From f1c10d1c3a4af7eebd016d916d4b7035a806d032 Mon Sep 17 00:00:00 2001
From: Chen Zhang <zhangch99@outlook.com>
Date: Sat, 11 Jan 2025 22:10:37 -0800
Subject: [PATCH 1/6] make direct call use unified attention

Signed-off-by: Chen Zhang <zhangch99@outlook.com>
---
 vllm/attention/layer.py | 26 ++++++++++++++------------
 1 file changed, 14 insertions(+), 12 deletions(-)

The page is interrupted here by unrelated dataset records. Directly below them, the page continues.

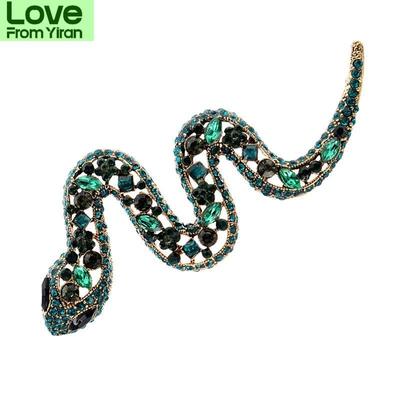 Spille Grandi Serpente con Strass Per Donna Moda Vintage Spilla Animale Cappotto Gioielli Invernali 3 Colori Disponibili Regalo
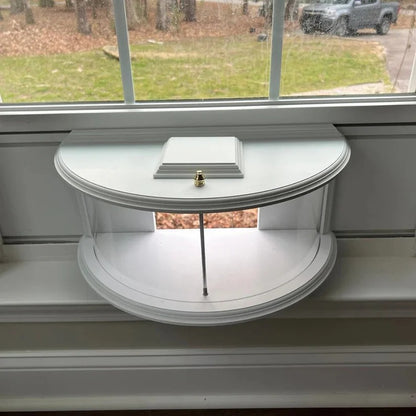 Clear Acrylic Window Mounted Bird Feeder with Suction Cup Attachment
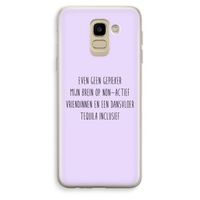 Tequila: Samsung Galaxy J6 (2018) Transparant Hoesje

diff --git a/vllm/attention/layer.py b/vllm/attention/layer.py
index 55e4e14027f79..5b9930f55a7e6 100644
--- a/vllm/attention/layer.py
+++ b/vllm/attention/layer.py
@@ -134,15 +134,10 @@ def forward(
         query: torch.Tensor,
         key: torch.Tensor,
         value: torch.Tensor,
-        kv_cache: torch.Tensor,
-        attn_metadata: AttentionMetadata,
+        _kv_cache: torch.Tensor,
+        _attn_metadata: AttentionMetadata,
     ) -> torch.Tensor:
-
-        if self.use_direct_call:
-            return self.impl.forward(query, key, value, kv_cache,
-                                     attn_metadata, self._k_scale,
-                                     self._v_scale)
-        elif self.use_output:
+        if self.use_output:
             output = torch.empty_like(query)
             hidden_size = query.size(-1)
             # Reshape the query, key, and value tensors.
@@ -154,12 +149,19 @@ def forward(
                 key = key.view(-1, self.num_kv_heads, self.head_size)
             if value is not None:
                 value = value.view(-1, self.num_kv_heads, self.head_size)
-            torch.ops.vllm.unified_attention_with_output(
-                query, key, value, output, self.layer_name)
+            if self.use_direct_call:
+                unified_attention_with_output(query, key, value, output,
+                                              self.layer_name)
+            else:
+                torch.ops.vllm.unified_attention_with_output(
+                    query, key, value, output, self.layer_name)
             return output.view(-1, hidden_size)
         else:
-            return torch.ops.vllm.unified_attention(query, key, value,
-                                                    self.layer_name)
+            if self.use_direct_call:
+                return unified_attention(query, key, value, self.layer_name)
+            else:
+                return torch.ops.vllm.unified_attention(
+                    query, key, value, self.layer_name)
 
     def extra_repr(self) -> str:
         s = f"head_size={self.impl.head_size}"  # type: ignore

From 291cc7af757cb61ed1287caaabd47f8b80f64964 Mon Sep 17 00:00:00 2001
From: Chen Zhang <zhangch99@outlook.com>
Date: Sat, 11 Jan 2025 22:40:17 -0800
Subject: [PATCH 2/6] add set_forward_context to all hardware

Signed-off-by: Chen Zhang <zhangch99@outlook.com>
---
 vllm/worker/hpu_model_runner.py      |  7 ++++++-
 vllm/worker/neuron_model_runner.py   | 17 ++++++++++-------
 vllm/worker/openvino_model_runner.py |  4 +++-
 vllm/worker/tpu_model_runner.py      | 12 ++++++++----
 vllm/worker/xpu_model_runner.py      | 21 ++++++++++++---------
 5 files changed, 39 insertions(+), 22 deletions(-)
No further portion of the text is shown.